**Dataset extract**
=== Section Start ===
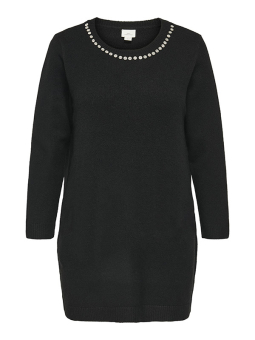 CARABBY - Plus Size Klänning från Only Carmakoma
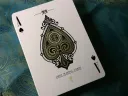 Charmers Playing Cards by Lotrek - Purple Thumbnail 4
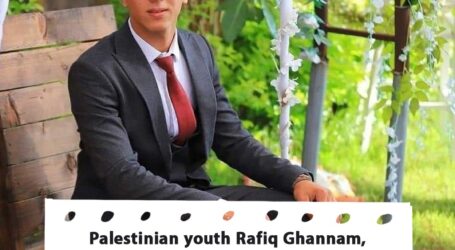 Tentara Israel Tembak Mati Pemuda Palestina dan Menahan Jasadnya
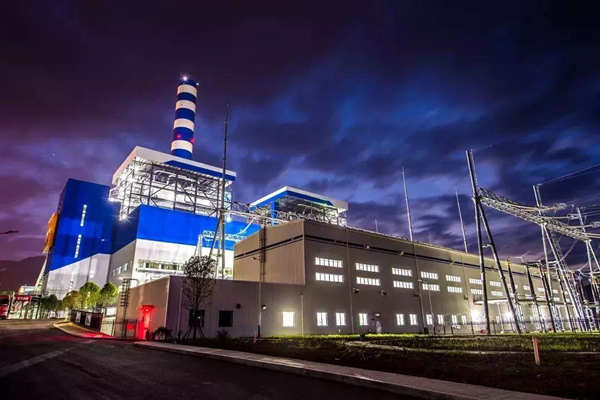 發(fā)電廠能源管理系統(tǒng)生產(chǎn)用電管理的具體內(nèi)容！(圖1)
=== Section End ===
**About this task**
Reproduce word for word the lines running from the line with "Tentara Israel Tembak" through the end of the data, both included, and nothing else; leave out the pictures.

**Written response**
 Tentara Israel Tembak Mati Pemuda Palestina dan Menahan Jasadnya
 發(fā)電廠能源管理系統(tǒng)生產(chǎn)用電管理的具體內(nèi)容！(圖1)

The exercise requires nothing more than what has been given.